Taking the Bienal Naïfs do Brasil, held by SESC São Paulo for more than 22 years, as a basis for considering these questions allows for some thoughts about the current so-called naive or ingenuous art scene in Brazil. An initial reflection reveals a certain dissonance between the original term and its connotation nowadays; created in what to us seems like the faraway 19th century to define, from the European point of view, a countless number of productions by artists lacking classical and academic training — in short, from a popular origin — the expression “naive art” came to be associated with a universe of creation in which a certain feigned style was overlaid to what was previously a poetic expression.
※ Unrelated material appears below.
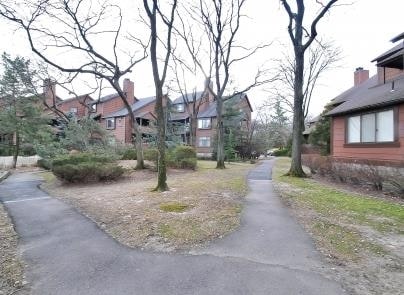 Building Photo - 507 Teal Plaza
In this sense, one cannot intend to frame the term as a purist reflection of production that escapes from the tentacles of mass communication or the codes of the art market — well-known collateral effects of our globalized world.
But the challenge, precisely because we know the power of our artistic traditions linked to popular roots, is this: while acting on a commission formed for this specific task, how can we escape from the desire to encounter a genuine freshness that represents the essence of a certain ambivalent practice, that lies outside any stereotype while also not representing a mere mimicry of false values of Brazilian culture? And, on the other hand, how can we get away from the preconceived idea that the “ingenuous” artist necessarily lives in isolation from the codes of this contemporary world — as though his/her work were not a legitimate expression of it?
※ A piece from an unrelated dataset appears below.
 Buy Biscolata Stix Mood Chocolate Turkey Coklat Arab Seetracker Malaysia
These seem to have been two important questions that drove the reflections and choices of the present commission. From among the many artworks entered, we were able to select an interesting portrait of Brazil which, in the last decades, has gone through significant changes of a political and economic order, in certain ways captured by the artistic representations observed. These changes did not necessarily favor the exercise of art — yet they have certainly revealed subtexts still present in the national mindset in regard to the universe of naive art, in which there persists an old idea of ingenuousness, dreamed of for more than a century.
The enlargement of understandings about ingenuous, popular and contemporary art — and, moreover, the approximation among their fields of creation — has entailed a ceaseless search by the Bienal Naïfs do Brasil at each edition, in tune with SESC’s commitment toward encouraging Brazilian artistic production and debate. In 2012, this path assumed clearer outlines. Our desire is for the public to find inspiration in the simple and the colorful, the mundane and the oneiric, because this is how the naive art was revealed to us, the members of the selection commission, throughout a delightful time of research and debates.